**DATA EXCERPT:**
☆ ☆ ☆ ☆ ☆ ☆ ☆

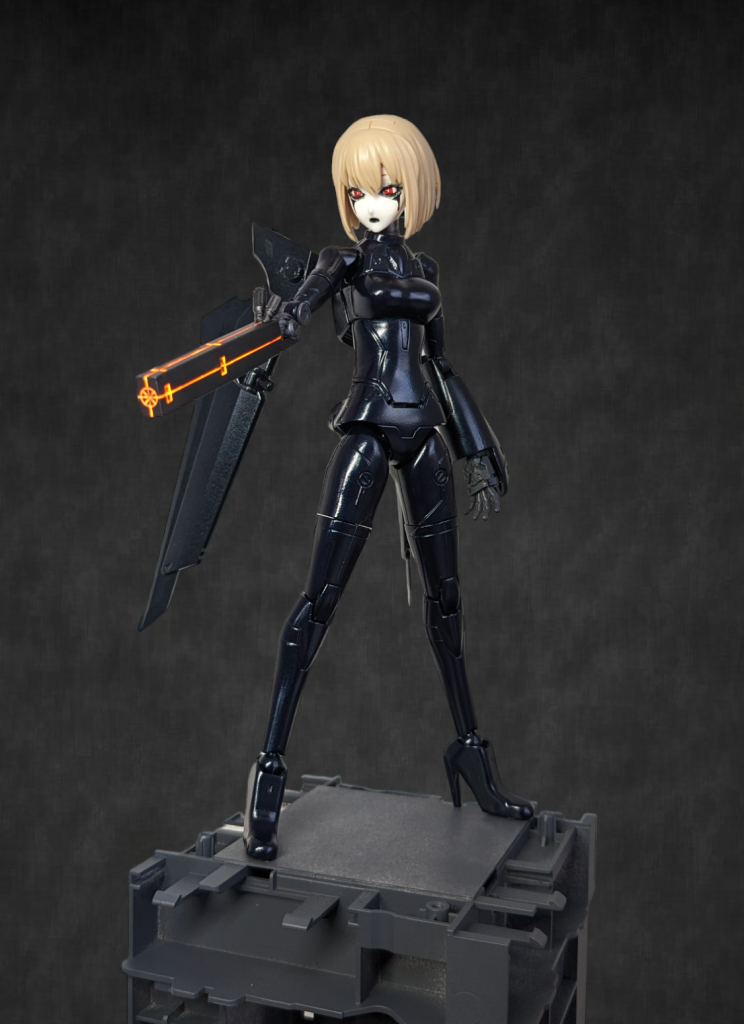 髪の色的にサナカンに複製されたタエの印象に似てますね。ツルっとしてて映画版サナカンに近いです。つま先は元のカクカク三角からブーツ状に変えました。メタルブラックの上からクリアブルーを重ねて、光のあたり具合でほんのり青く見えるように。重力子放射線射出装置はブラックライトで光ります✨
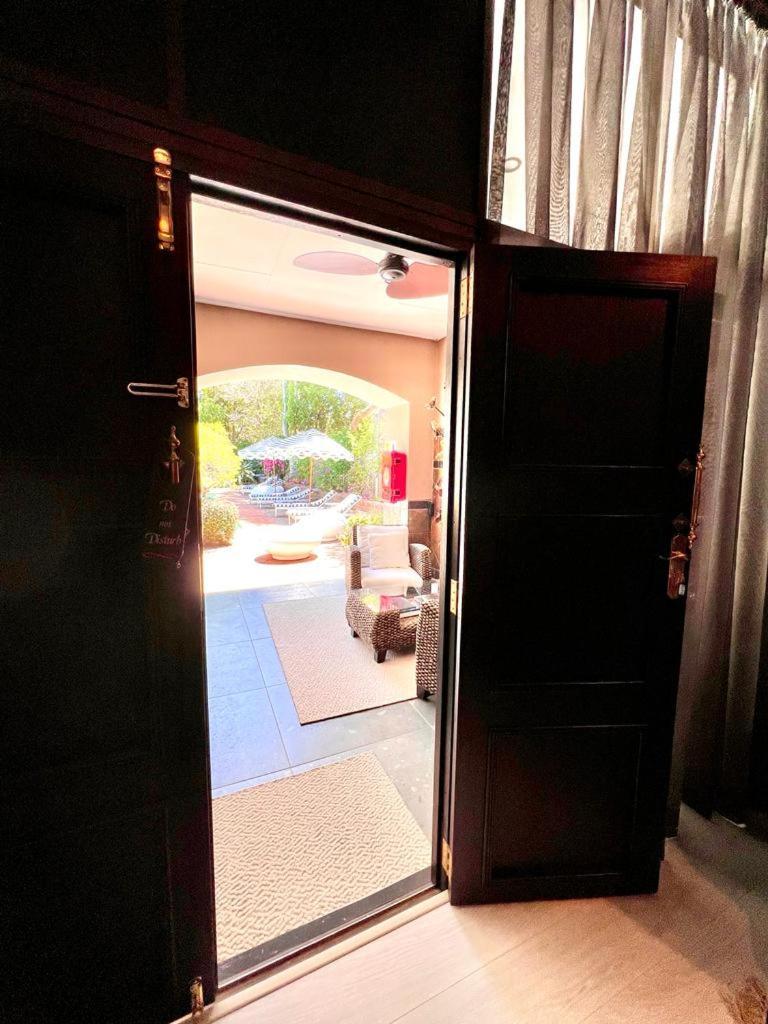 Forty 4 On Hoog ポロクワネ エクステリア 写真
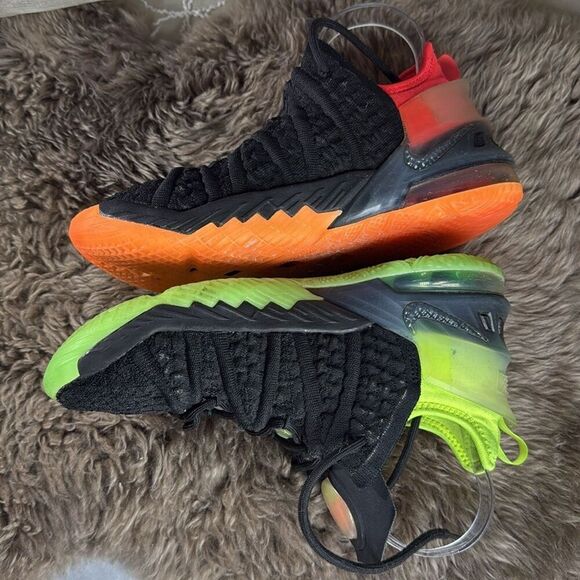 (E) Nike LeBron 18 GS Big Kids' Shoes Black Crimson Volt CW2760-009 Size 4 Y - Picture 11 of 14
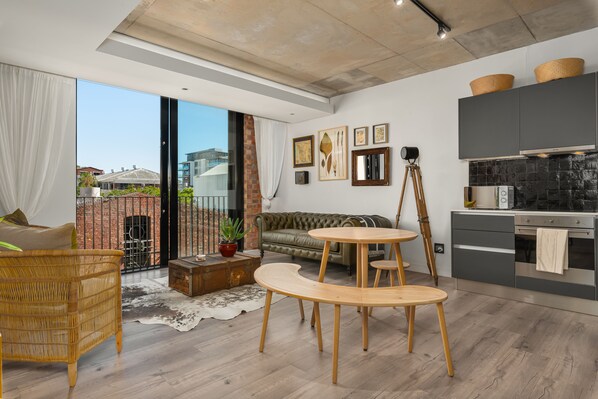 Luxury Apartment | In-room dining - The Signature 102 (Cape Town)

☆ ☆ ☆ ☆ ☆ ☆ ☆

**PROBLEM REQUIREMENTS:**
Quote the material in full and exactly; do not carry over its pictures.

**ANSWER FOR THIS EXERCISE:**
 髪の色的にサナカンに複製されたタエの印象に似てますね。ツルっとしてて映画版サナカンに近いです。つま先は元のカクカク三角からブーツ状に変えました。メタルブラックの上からクリアブルーを重ねて、光のあたり具合でほんのり青く見えるように。重力子放射線射出装置はブラックライトで光ります✨
 Forty 4 On Hoog ポロクワネ エクステリア 写真
 (E) Nike LeBron 18 GS Big Kids' Shoes Black Crimson Volt CW2760-009 Size 4 Y - Picture 11 of 14
 Luxury Apartment | In-room dining - The Signature 102 (Cape Town)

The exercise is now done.